但他坐在屋里是无聊得很。萧家人总是看他,他又无法发火,送上来的那些水果、零食,到底谁会爱吃呀?不如给沈青衣送上个大鸡腿来得痛快。
谢翊身边的人,都知道沈青衣怕生,又极爱一人呆着;将他领去萧家院落后,便只是远远照看着。
与沈青衣猜测的不同,他以为萧家作为修行世家,应当与谢家一般阶级森严。
但今日,谢翊将他领来的时候,出来迎接他的挤挤挨挨一大摞人,各个七嘴八舌,相互插话。沈青衣也是费了些劲儿才认出,站在中间被亲戚们挤来挤去的,是萧家现任家主与夫人。
简直就像...就像是寻常大家族一样嘛!
他坐着等时,旁边萧家舅舅立马接腔了一句,说是要把那个臭小子腿打断,然后萧家婶婶又应和了一句,说打断腿的时候,差人将沈青衣喊来看着解气。
而后,像是看不见萧家家主与夫人的铁青脸色一般,大家极其自然热情地开始询问沈青衣的功课——他真是崩溃了!怎么每个人都关心这件事!
谢翊立刻替他将话头挡回,萧家人还笑眯眯地,说是要让沈青衣给自家那个臭小子补补功课。

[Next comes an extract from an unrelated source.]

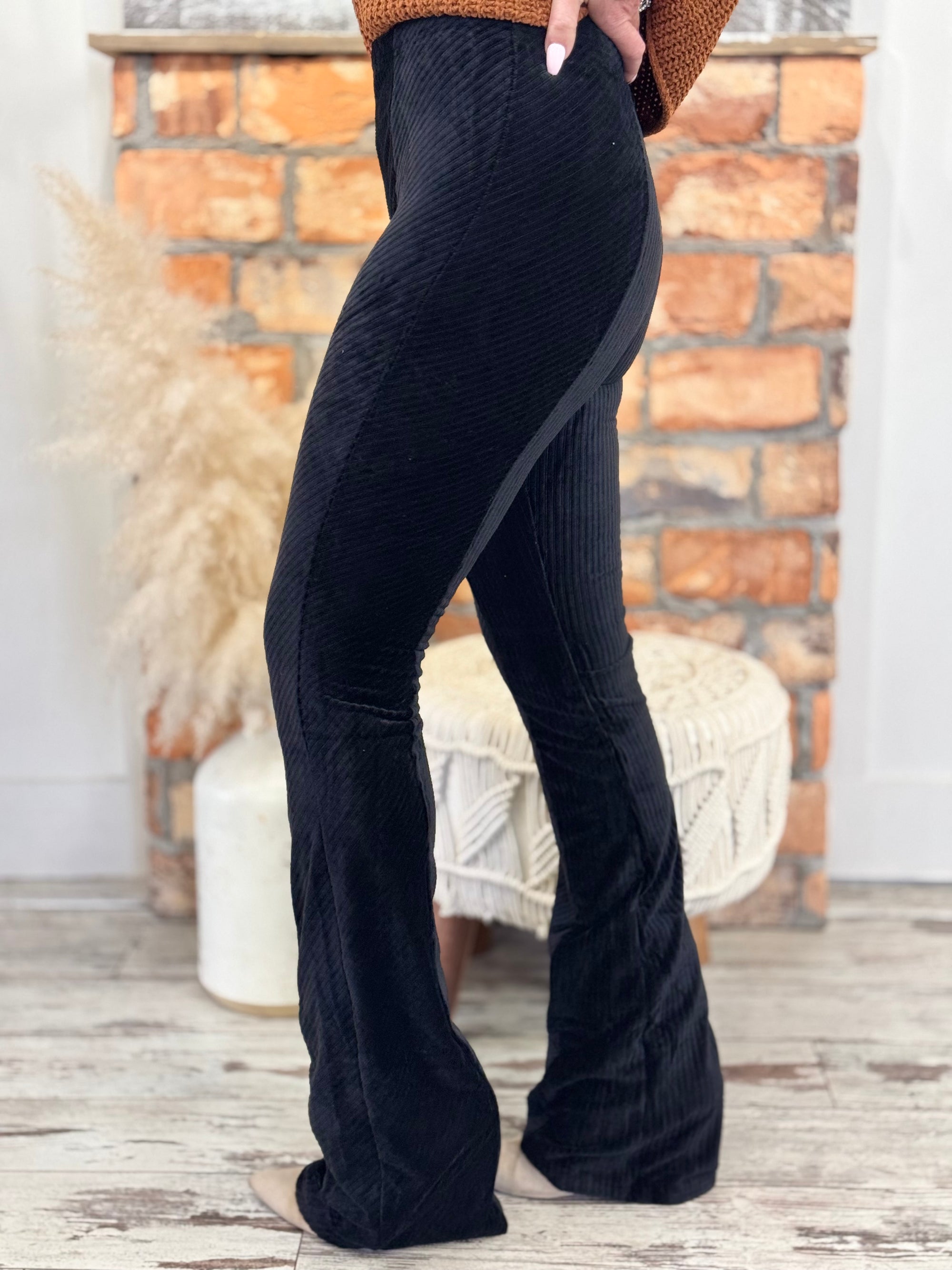 Striped Velvet Flare Pants | Black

沈青衣这下算是懂了,为何这一大家子在长老们眼里都是好拿捏的家伙。
而萧家院落,与其说是屋舍俨然的大家族,却更像是...
一只咯咯叫的公鸡从他头顶飞过时,让沈青衣差点以为自己误入农舍。两条大狗边叫边咬着从他脚边扑过,他小心翼翼地抬了脚,免得踩着一直趴在石板路上晒太阳的蜥蜴。
——这便是萧家里用以安身立命的灵宠。
他们虽是法修,可却养着各类灵兽灵宠,说是还有什么借灵附体的秘术。只是那些“灵兽”倒像萧家人一般乱七八糟,尤其是挂在外墙上的那个东西,也不知是谁养的灵宠,居然还会翻墙...
不对,翻墙?
沈青衣站定在院中,眼瞳震颤地看着对方从高高的墙头跳下,蹑手蹑脚地想要穿过庭院。
两人对望,沈青衣清晰瞧见对方猛得愣住了,脸也不由自主涨得通红。来人是个瞧起来几分端正、大约只到及冠的年轻修士,那人望着沈青衣,同手同脚地走了过来后磕磕巴巴道:“你、你是谁呀?”
沈青衣本有些怕,看来人如此傻气后,便故意凶巴巴道:“你又是谁?上来就问我?”
他今日出门,被陌白特意打扮过一番。对方替他梳头时,故意与他开玩笑,说今日替沈青衣梳得是最时兴的、女修都爱的发髻。